By Marissa Willman, Viator.com Travel Blog
With Valentine’s Day just around the corner, stores are flooded with candy hearts, chocolates and stuffed animals. In the U.S., shelves brimming with teddy bears and boxes of chocolate are typical Valentine’s Day fare, but not every country turns to greeting cards and heart-shaped candies to declare love. Some exchange wooden spoons and pressed flowers, while others hold a special holiday for the loveless to mourn their single lives over black noodles. Here is a look at how 10 countries celebrate Valentine’s Day traditions all around the world.
1. Denmark
Although Valentine’s Day is a relatively new holiday in Denmark (celebrated since the early 1990s according to the Ministry of Foreign Affairs of Denmark), the country has embraced February 14th with a Danish twist. Rather than roses, friends and sweethearts exchange pressed white flowers called snowdrops.

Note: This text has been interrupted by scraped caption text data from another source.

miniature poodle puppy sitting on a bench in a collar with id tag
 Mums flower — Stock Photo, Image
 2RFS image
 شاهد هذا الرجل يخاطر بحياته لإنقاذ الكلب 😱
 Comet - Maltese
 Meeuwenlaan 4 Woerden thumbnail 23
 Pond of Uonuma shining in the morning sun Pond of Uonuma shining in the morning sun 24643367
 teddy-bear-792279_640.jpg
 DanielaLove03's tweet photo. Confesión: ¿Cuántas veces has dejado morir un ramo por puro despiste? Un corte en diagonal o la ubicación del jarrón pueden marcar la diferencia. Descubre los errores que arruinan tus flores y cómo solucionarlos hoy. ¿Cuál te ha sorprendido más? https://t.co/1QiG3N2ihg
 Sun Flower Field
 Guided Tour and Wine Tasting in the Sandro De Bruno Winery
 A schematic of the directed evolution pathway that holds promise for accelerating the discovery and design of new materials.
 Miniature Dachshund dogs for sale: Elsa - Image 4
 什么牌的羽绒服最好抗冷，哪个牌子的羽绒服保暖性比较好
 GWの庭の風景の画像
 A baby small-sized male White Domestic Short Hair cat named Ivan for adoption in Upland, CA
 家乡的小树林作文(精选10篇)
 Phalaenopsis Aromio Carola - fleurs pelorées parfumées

Another popular Danish Valentine’s Day tradition is the exchange of “lover’s cards.” While lover’s cards were originally transparent cards which showed a picture of the card giver presenting a gift to his sweetheart, the term is now synonymous with any card exchanged on Valentine’s Day.
On February 14th, men also give women gaekkebrev, a “joking letter” consisting of a funny poem or rhyme written on intricately cut paper and signed only with anonymous dots. If a woman who receives the gaekkebrev can correctly guess the sender, she earns herself an Easter egg later that year.